The chick in itself is not an accepted symbol for Christmas. Although it is embellished here with a red hat, it does not automatically qualify the article for classification as a festive article. The mere appearance of an article in a Christmas catalog is not sufficient to classify an article as a festive article of heading 95.05. It is therefore classified as statuettes and other ornamental articles of plastics in subheading 3926.40.
In addition, in Appeal AP-2004-061, the Tribunal accepted that statues are figures that represent a predominant singular life form, primarily humans or animals. The Tribunal also accepted that statuettes are small-scale statues. Further, the Tribunal defined “figure” as a general term meaning a representation of a figure, human or animal. As such, the submitted article is considered to be a statuette for classification purposes.
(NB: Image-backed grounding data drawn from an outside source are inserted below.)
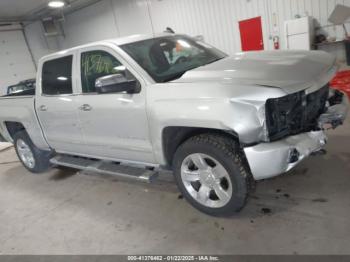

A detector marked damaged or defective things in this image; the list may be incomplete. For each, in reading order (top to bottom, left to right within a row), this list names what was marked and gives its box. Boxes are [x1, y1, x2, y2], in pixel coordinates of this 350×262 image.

damaged front end [245, 86, 348, 180]
torn bumper cover [245, 92, 348, 180]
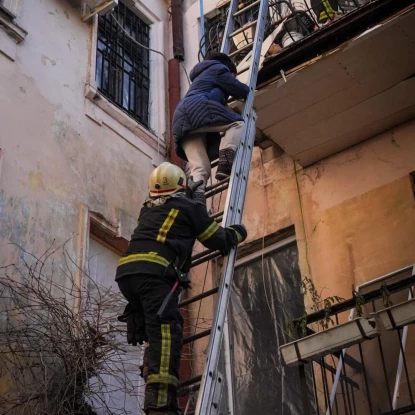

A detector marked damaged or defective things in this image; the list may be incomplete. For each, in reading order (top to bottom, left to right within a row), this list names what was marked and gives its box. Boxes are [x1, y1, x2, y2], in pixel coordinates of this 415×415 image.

peeling plaster wall [0, 0, 169, 282]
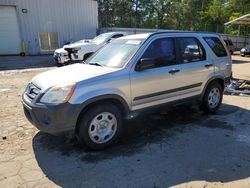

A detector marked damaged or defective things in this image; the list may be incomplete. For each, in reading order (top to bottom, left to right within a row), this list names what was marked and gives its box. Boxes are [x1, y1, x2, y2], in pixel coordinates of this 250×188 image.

damaged vehicle [53, 32, 127, 67]
damaged vehicle [22, 32, 231, 150]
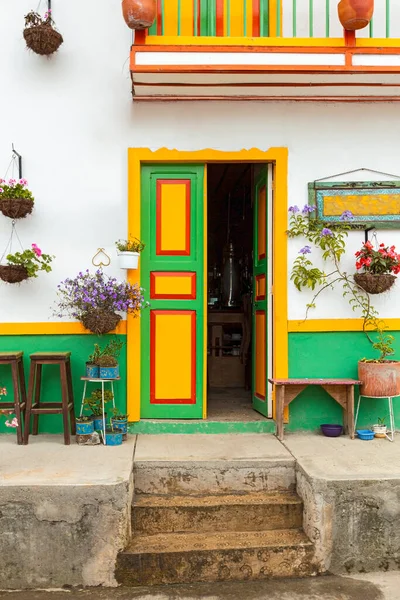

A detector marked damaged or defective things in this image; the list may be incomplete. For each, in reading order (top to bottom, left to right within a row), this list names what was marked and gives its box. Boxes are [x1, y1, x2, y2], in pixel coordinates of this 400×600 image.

cracked concrete floor [0, 576, 398, 600]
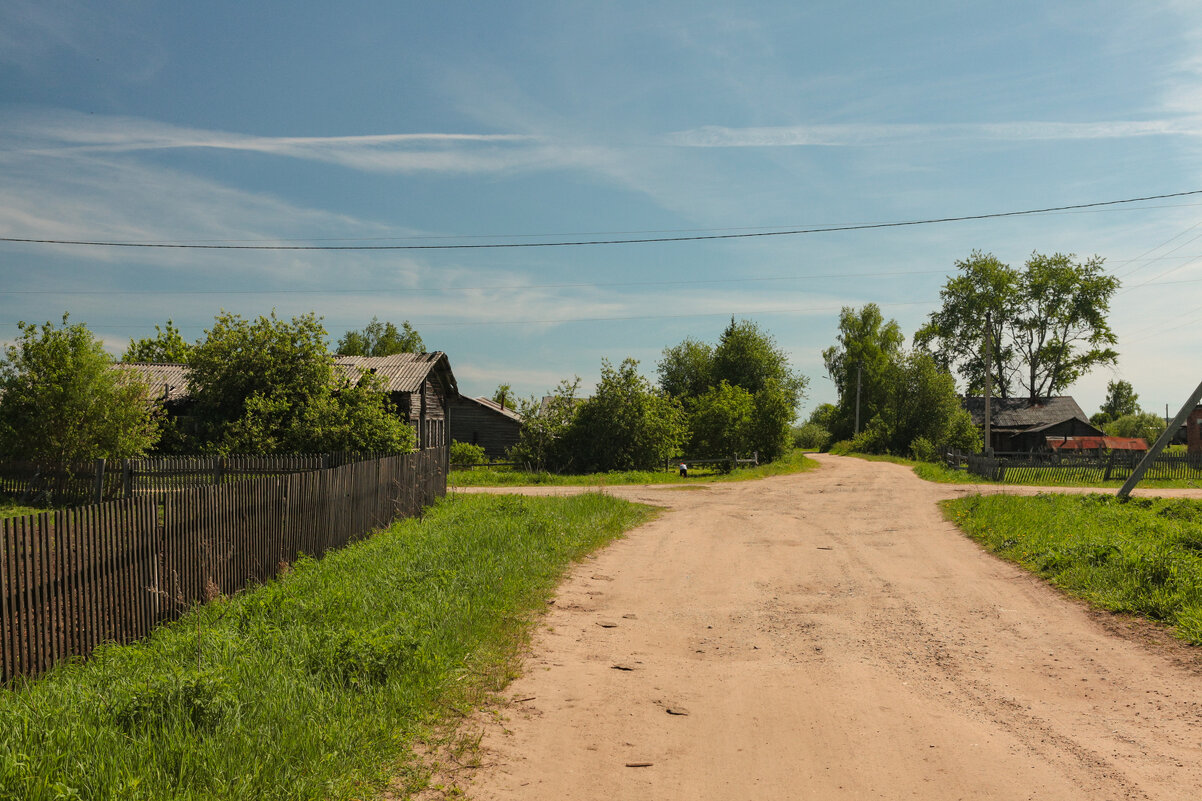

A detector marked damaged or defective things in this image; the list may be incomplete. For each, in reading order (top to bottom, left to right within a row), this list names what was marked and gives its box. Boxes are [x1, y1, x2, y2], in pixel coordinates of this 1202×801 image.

rusty metal roof [113, 348, 454, 399]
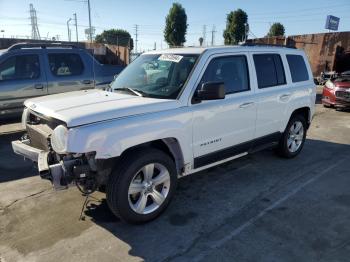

Section 10 of the Customs Tariff directs that classification of imported goods shall be determined in accordance with the General Rules for the Interpretation of the Harmonized System. Section 11 of the Customs Tariff states that in interpreting the headings and subheadings, regard shall be had to the World Customs Organization's (WCO) Explanatory Notes to the Harmonized Commodity Description and Coding System.
General Interpretative Rule 1 (GIR 1) directs that titles of Sections, Chapters and Sub-Chapters are provided for ease of reference only. For legal purposes, classification shall be determined according to the terms of the heading and any relative Section and Chapter Notes. Similarly, General Interpretative Rule 6 (GIR 6) directs that classification shall be determined according to the terms of those subheadings and any related Subheading Notes.
If the classification of an article cannot be determined in accordance with GIR 1, then regard must be had to the subsequent GIRs. Goods consisting of more than one material or substance shall be classified according to the principles of GIR 3. In this case, GIR 3(b) applies and the submitted article is classified based on the polyester resin component which provides the essential character.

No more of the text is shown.